ROANOKE TIMES 
                      Copyright (c) 1996, Roanoke Times

DATE: Wednesday, January 10, 1996            TAG: 9601100144
SECTION: NATIONAL/INTERNATIONAL   PAGE: A-1  EDITION: METRO 
DATELINE: BOSTON
SOURCE: JON MARCUS ASSOCIATED PRESS 


PARENTS SQUEEZED BETWEEN KIDS, JOB

AN AVALANCHE OF APPEALS from working moms and dads had child-tending services scrambling.

Mary Jane Pontes had spent two snow days at home with her kids, and she was already eager to get back to work - as a schoolteacher.

``Today I'm sort of wishing that I was spending my day with 22 kids in the classroom instead of my three,'' she said. ``Even they're saying they're sick of it.''

At least Pontes could watch over her own children without penalty. When the blizzard closed schools Monday and Tuesday from Virginia to Massachusetts, other parents had to make hard choices between going to work and staying home with their kids.

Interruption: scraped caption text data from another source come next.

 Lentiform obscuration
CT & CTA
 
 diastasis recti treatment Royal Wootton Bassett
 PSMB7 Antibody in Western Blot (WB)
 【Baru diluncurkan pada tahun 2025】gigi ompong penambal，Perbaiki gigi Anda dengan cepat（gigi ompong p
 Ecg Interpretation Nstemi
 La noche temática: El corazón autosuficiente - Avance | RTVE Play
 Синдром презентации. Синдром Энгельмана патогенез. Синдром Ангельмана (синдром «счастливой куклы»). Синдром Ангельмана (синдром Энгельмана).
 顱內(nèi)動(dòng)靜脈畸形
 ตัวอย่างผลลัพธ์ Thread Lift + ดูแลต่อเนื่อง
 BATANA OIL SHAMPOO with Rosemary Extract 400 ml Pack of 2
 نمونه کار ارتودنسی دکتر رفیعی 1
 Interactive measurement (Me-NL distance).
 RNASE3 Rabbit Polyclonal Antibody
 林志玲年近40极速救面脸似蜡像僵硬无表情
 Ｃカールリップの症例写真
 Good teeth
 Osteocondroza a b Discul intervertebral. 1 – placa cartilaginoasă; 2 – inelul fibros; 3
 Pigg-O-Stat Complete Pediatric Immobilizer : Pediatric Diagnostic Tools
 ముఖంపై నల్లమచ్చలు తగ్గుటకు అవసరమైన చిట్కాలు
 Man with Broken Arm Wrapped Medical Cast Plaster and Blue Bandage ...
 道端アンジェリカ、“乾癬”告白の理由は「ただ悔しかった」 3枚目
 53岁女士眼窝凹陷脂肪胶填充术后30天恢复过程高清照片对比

Many parents tried frantically to find a place to leave their children.

``We haven't had something like this in, I can't even remember when,'' said Marsha Cooper, managing director of Caregivers on Call, a New York-based emergency baby-sitting service that was flooded with appeals for help from parents - at a price of more than $85 a day for in-home baby-sitting.

Medical student John Langell, faced with such a problem, took his children, Michael, 9, and Ashley, 8, with him to the hospital where he works in Philadelphia.

``They've been having fun,'' said Langell, a former Southern Californian.

In the Washington area, many businesses and government offices still were closed Tuesday, and parents simply stayed home with their children. But Mothers' Aides Inc., a baby-sitting service in Fairfax, Va., said bookings are pouring in for the end of the week.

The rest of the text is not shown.